By: Roy Kozupsky & Amelia (“Amy”) Renkert-Thomas
Estate planning for family business owners is big business for many wealth advisors. Fueling this area of work is a combination of factors including the historically large (and at least for now increasing) federal estate tax exemptions. Congressional leaders, in their redundant debate, perennially raise the possibility of changing the estate tax regime. Both sides seem politically persuasive. The left argues that tax revenues are needed and warns that large amounts of wealth being transferred to future generations will create a dynastic social atmosphere that will weaken the entrepreneurial fabric of America’s culture. The right is less strident, but the Red States’ populist electorate and the ongoing need for tax revenues suggest that the estate tax will not be repealed any day soon. This tumultuous political debate about rates and exemptions is wonderful fuel for those ever-present human emotions of opportunity and fear, which seem to be the active ingredients in motivating families to consider transferring their wealth, including the family business, to their descendants.
But unfortunately, this political debate over taxes has turned the process of succession planning inside out. Too many families, especially those families whose wealth is denominated through their family business, see estate planning as primarily an exercise about reducing taxes, rather than planning for the future ownership and leadership of the business.
Helping a family wade through the myriad issues it faces in trying to sustain a business enterprise past even one generation certainly requires good estate tax planning – not adequately preparing for estate taxes can threaten or force the sale of a business. Unfortunately, consumer-driven decisions about which advisory services to purchase in this process lead many business families to fall prey to a far too narrow definition of “estate planning” and an even narrower definition as to which advisors might be in the best position to assist a family in navigating through the succession planning process for its family enterprise.

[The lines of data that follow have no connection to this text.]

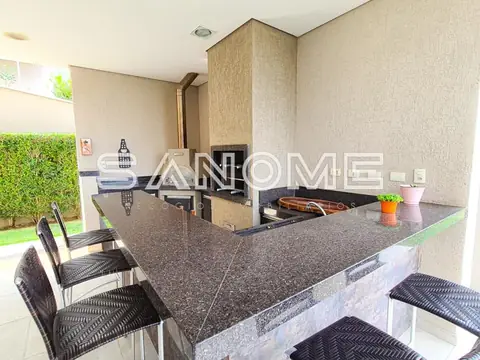 Cozinha com bancada cinza e churrasqueira integrada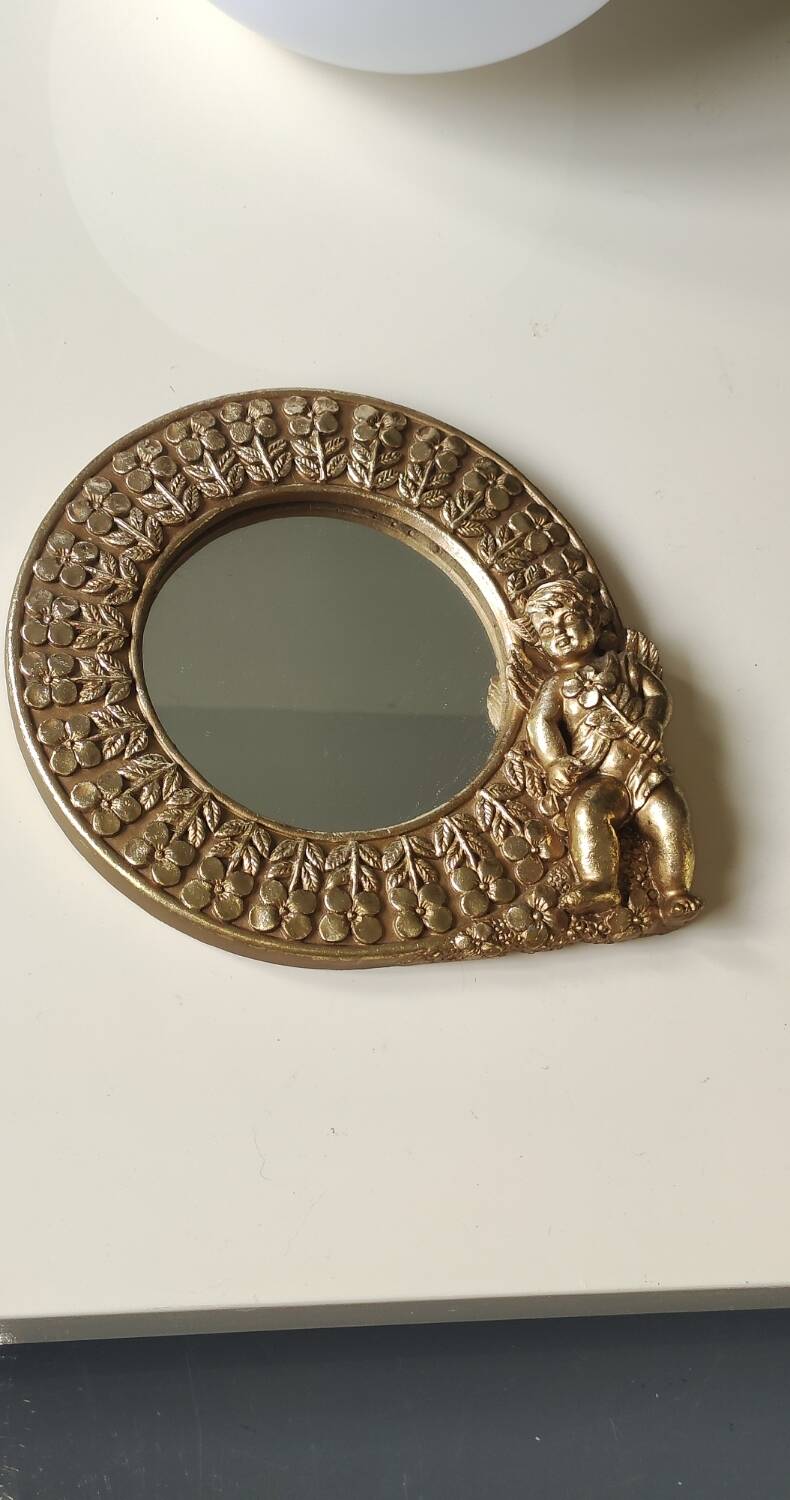 Shabby Chic round mirror. Putti/Cherub decor. Floral motifs. Dimensions: 20 x 20 cm.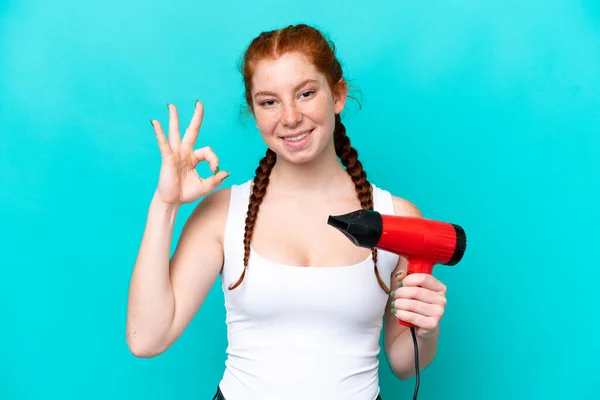 Young Caucasian Reddish Holding Hairdryer Isolated Blue Background Showing Sign — Stok fotoğraf
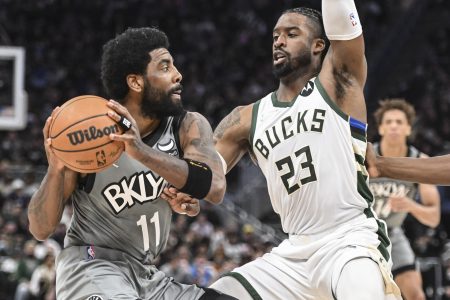 Brooklyn Nets guard Kyrie Irving (left) controls the basketball with both hands while being defended by Milwaukee Bucks guard Wesley Matthews (right)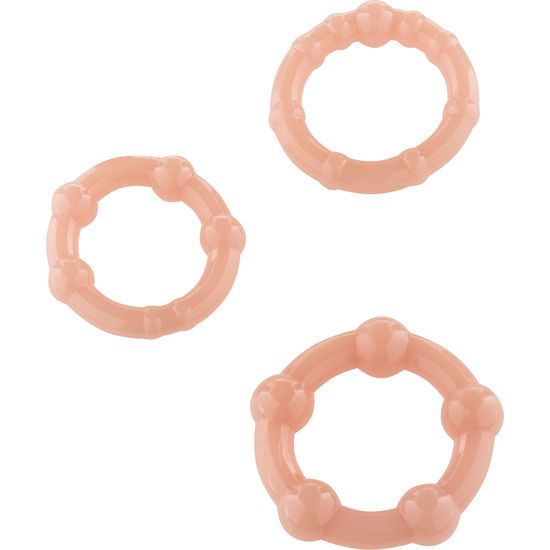 Tre anelli per pene in gelatina rosa di varie dimensioni con bottoni.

Thus, it is no surprise that given all of the political debate noted above about estate taxes, the starting point for many families to engage in the succession planning process was simply estate tax avoidance. Families seeking counsel quickly become intoxicated with the tax acronyms that promise to mitigate the pain of impending estate taxes – FLPs, GRATs, CLATs and IDGTs, just to name a few. These planning strategies indeed can be valuable tools to integrate into the family’s planning process.
The problem is, estate planning to mitigate anticipated taxes is not the beginning of the succession planning process – it’s the end. The process as undertaken by most business-owning families unfortunately all too often is inside out.

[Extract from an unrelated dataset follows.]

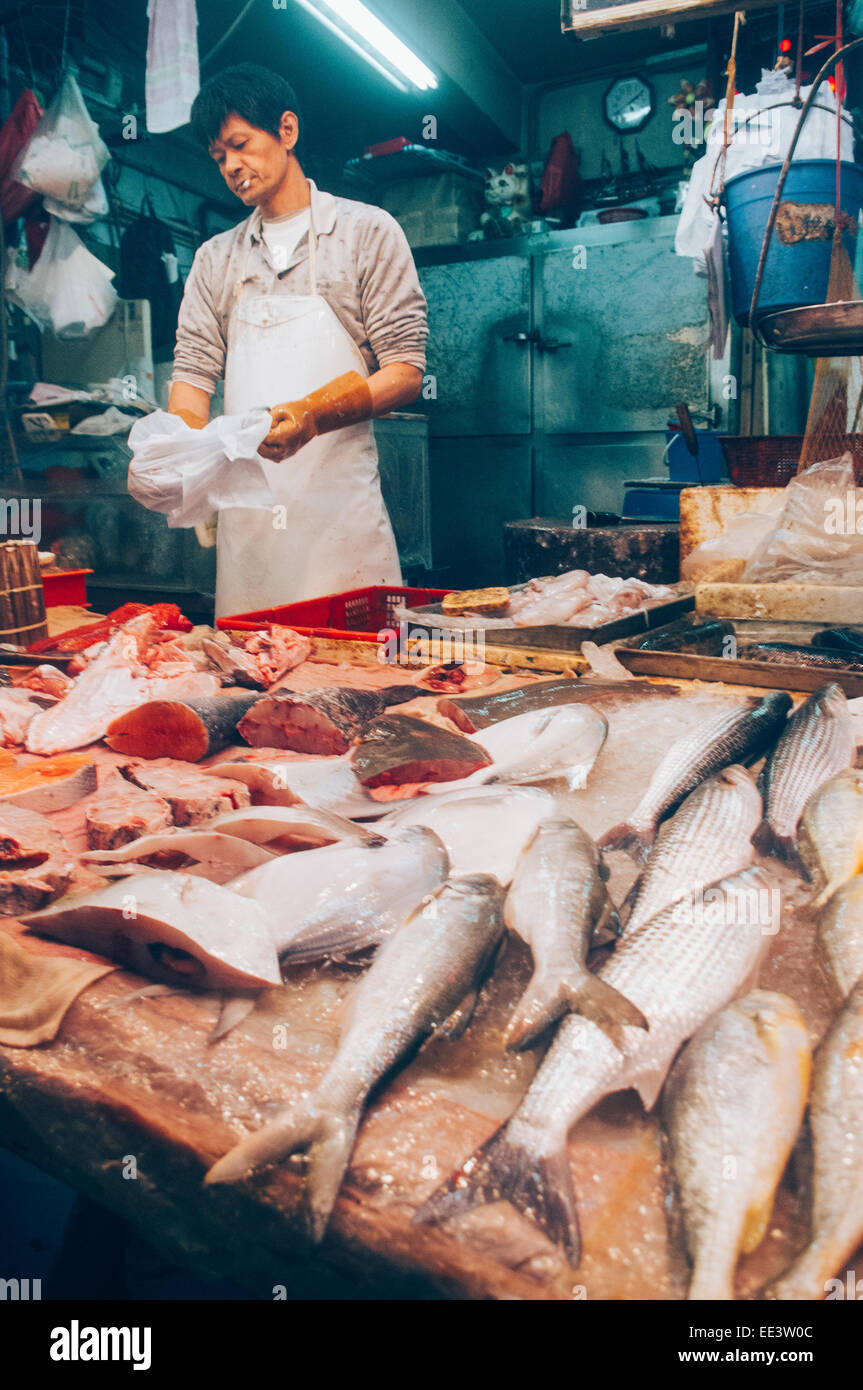 Asian fishmonger or fish seller in Hong Kong wet market. Stock Photo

Too many families with significant business interests fail to get the advice they need to understand the balance needed to perpetuate their legacy. Good tax planning is valuable, but more so when it is combined with a thorough understanding of the needs and objectives of the family and the business. Thus, understanding and articulating the family’s succession planning objectives may be just as valuable as a sophisticated tax planning strategy.
Succession planning for family and business capital
Traditionally, wealth transfer planning for family owned enterprises has focused on three main questions for families to consider tackling:
- Which member of the family will run the business?
- Who will own the shares?
- How can we mitigate estate taxes on the transfer?
But, estate planning, which focuses solely on legal structures, can create unintended consequences of which controlling owners of family businesses and their estate planners will want to be wary, especially for businesses passing from the founder (or, a controlling owner) to a group of siblings or cousins. This is because estate planning changes the balance of an existing system – new owners enter the family stage in the form of LLCs, trusts, family limited partnerships and even philanthropic foundations.
Business decision-making both during and after the founder’s departure is much more complicated, and yet founders and estate planners alike often fail to appreciate the new and different family-business systems their documents will create. The use by the legal profession of sophisticated trusts, even in the embryonic stages of family wealth planning, hatch a unique and complex set of long term planning issues that families need to consider.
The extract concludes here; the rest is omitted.